## Try it:
Ignoring the pictures, copy the data exactly.

## Exercise data:
--*--
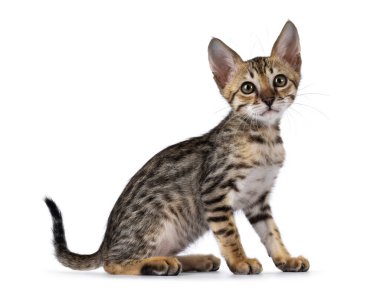 Şirin F5 siyah tekir kedisi Savannah kedi yavrusunu yan yana otururken görmüş. Kameraya doğru bakıyorum. Beyaz bir arkaplanda izole edilmiş.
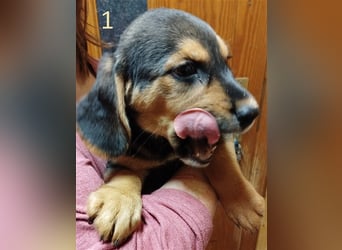 Anhängliche Beagle-Schäferhundmixwelpen suchen ein Super zu Hause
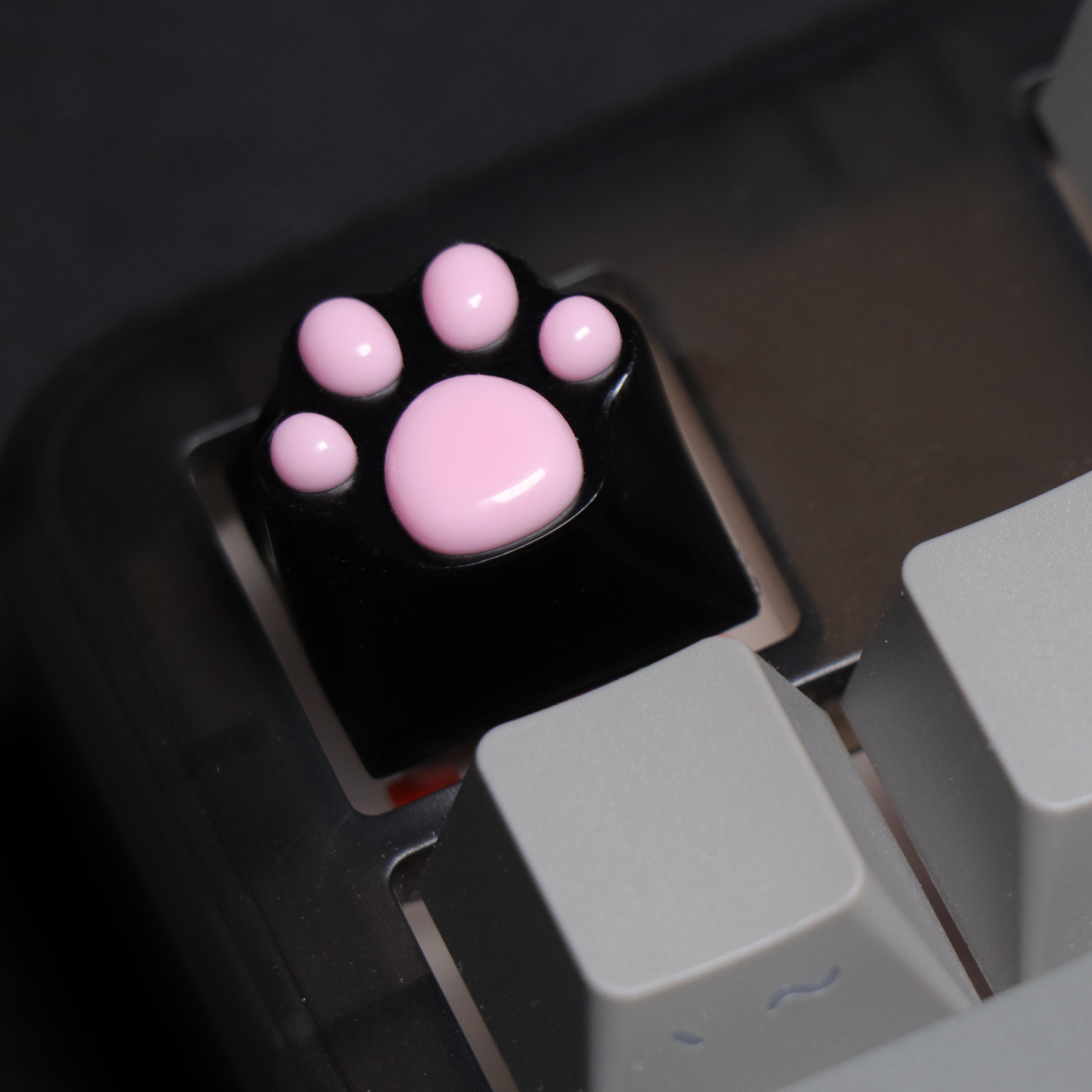 PAW KEYCAP From Resin | BASIC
--*--
## Response for this exercise:
 Şirin F5 siyah tekir kedisi Savannah kedi yavrusunu yan yana otururken görmüş. Kameraya doğru bakıyorum. Beyaz bir arkaplanda izole edilmiş.
 Anhängliche Beagle-Schäferhundmixwelpen suchen ein Super zu Hause
 PAW KEYCAP From Resin | BASIC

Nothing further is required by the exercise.